→ **WORK INSTRUCTIONS**
Every line of the data below should be repeated exactly, and no picture should be copied.

→ **INPUT RECORDS**
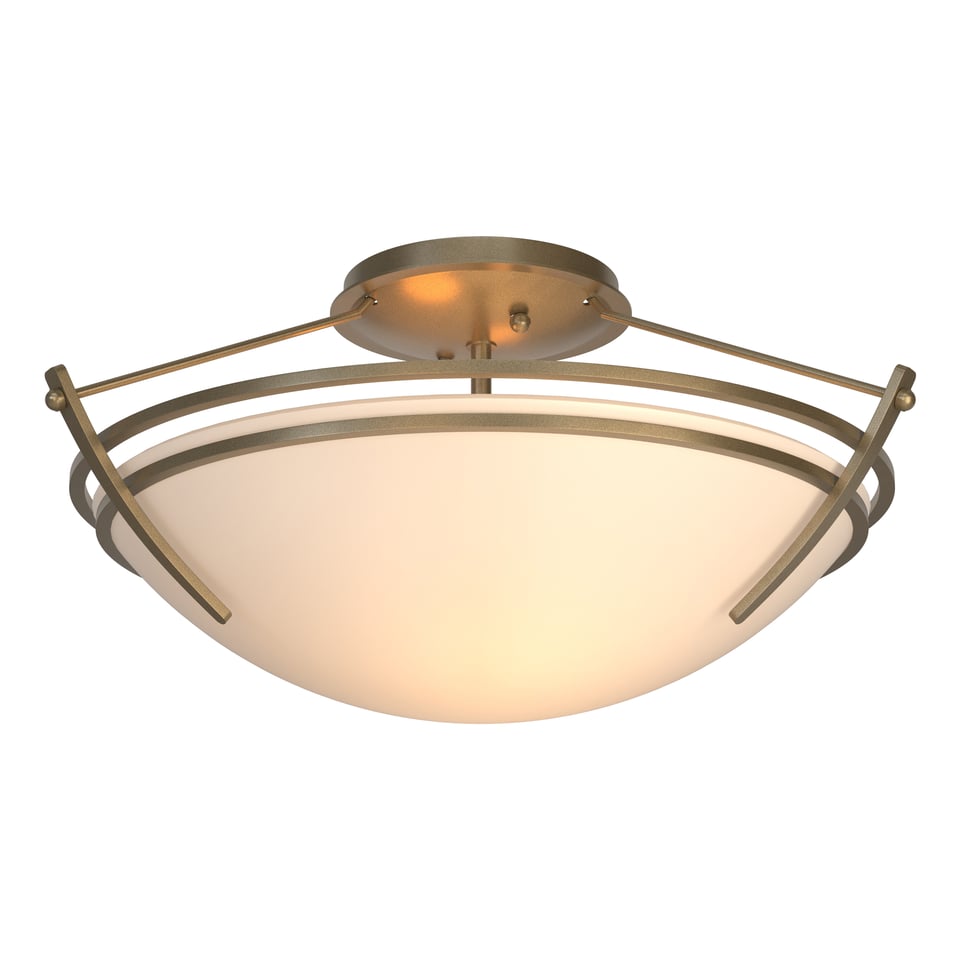 Hubbardton Forge Presidio Tryne 2-Bulb Dimmable Small Semi-Flush Light Fixture in Opal Glass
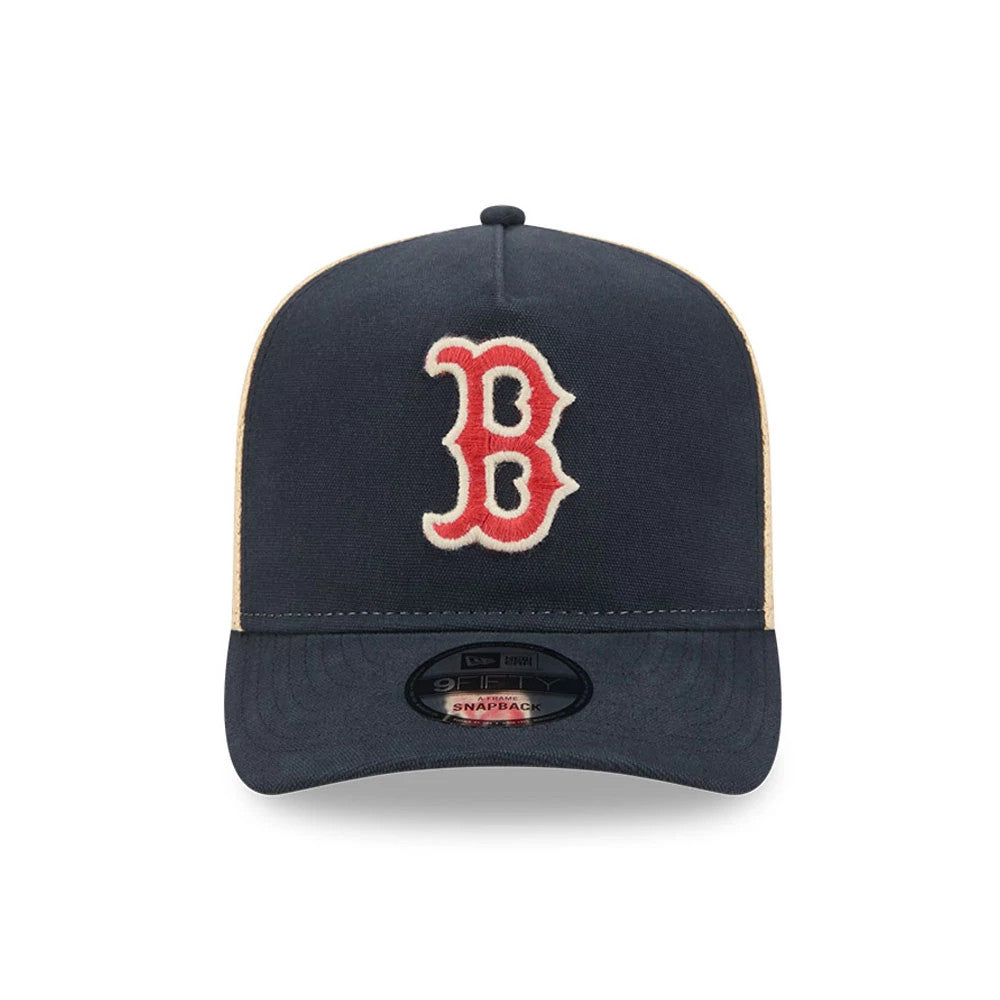 Pictured is this MLB Grained Boston Red Sox 9FIFTY A-Frame Snapback cap in navy. 3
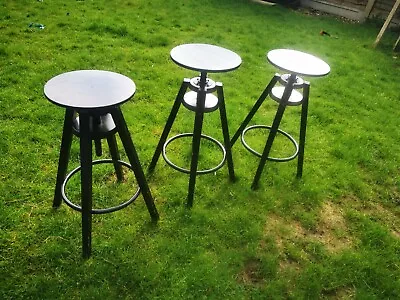 Set Of 3 IKEA DALFRED Black Breakfast Bar Stool Chairs Height Adjustable 63-74cm • £40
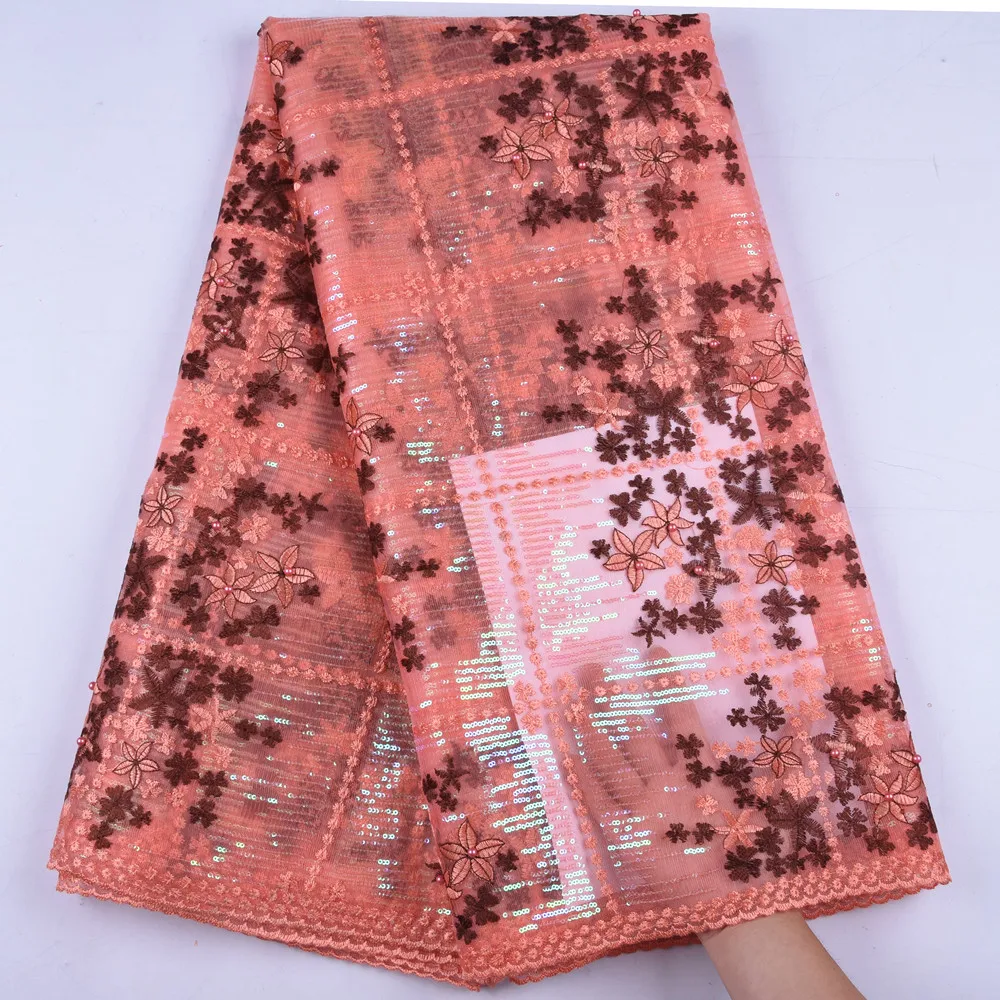 

African Lace Fabric 2019 High Quality Lace French Mesh Lace Fabric Sequins Nigerian Tulle Lace Fabrics For Wedding Dress Y1660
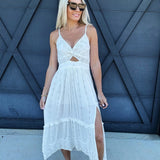 ANGIE DRESSES Eyelet Embroidered Twist Front Midi Dress In Ivory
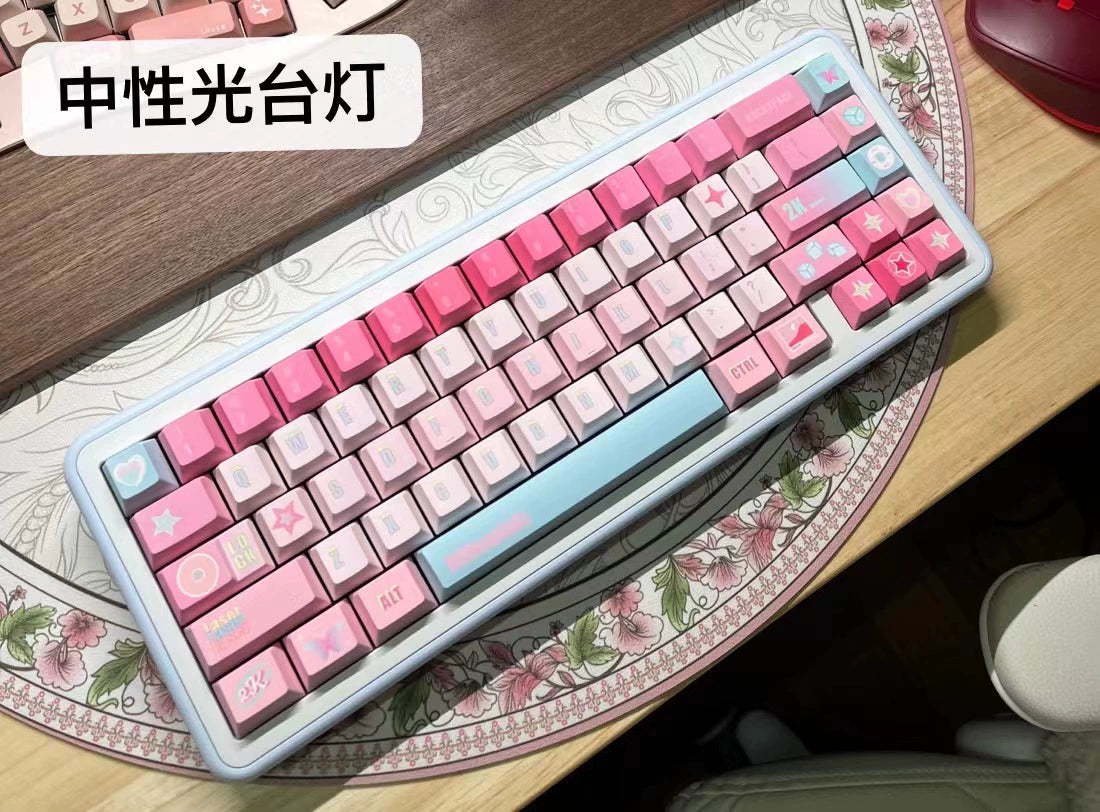 095 Millennial Girl Y2k Style Pink and Blue Keycaps Cherry Profile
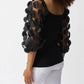 Joseph Ribkoff - Dots Appliqué Mesh Sleeve Top
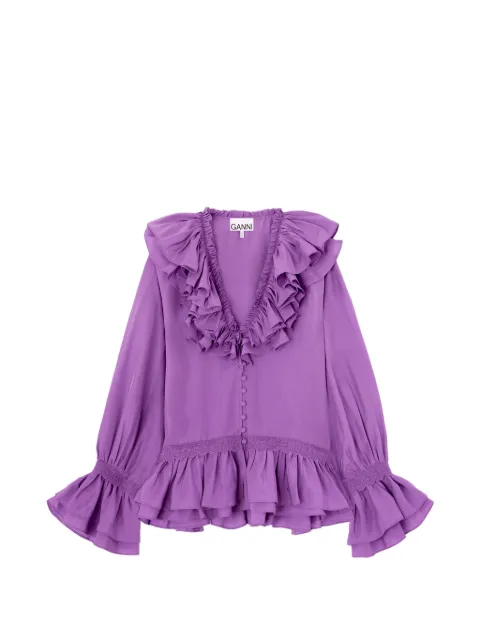 GANNI blouse in viscose silk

→ **RESPONSE**
 Hubbardton Forge Presidio Tryne 2-Bulb Dimmable Small Semi-Flush Light Fixture in Opal Glass
 Pictured is this MLB Grained Boston Red Sox 9FIFTY A-Frame Snapback cap in navy. 3
 Set Of 3 IKEA DALFRED Black Breakfast Bar Stool Chairs Height Adjustable 63-74cm • £40

African Lace Fabric 2019 High Quality Lace French Mesh Lace Fabric Sequins Nigerian Tulle Lace Fabrics For Wedding Dress Y1660
 ANGIE DRESSES Eyelet Embroidered Twist Front Midi Dress In Ivory
 095 Millennial Girl Y2k Style Pink and Blue Keycaps Cherry Profile
 Joseph Ribkoff - Dots Appliqué Mesh Sleeve Top
 GANNI blouse in viscose silk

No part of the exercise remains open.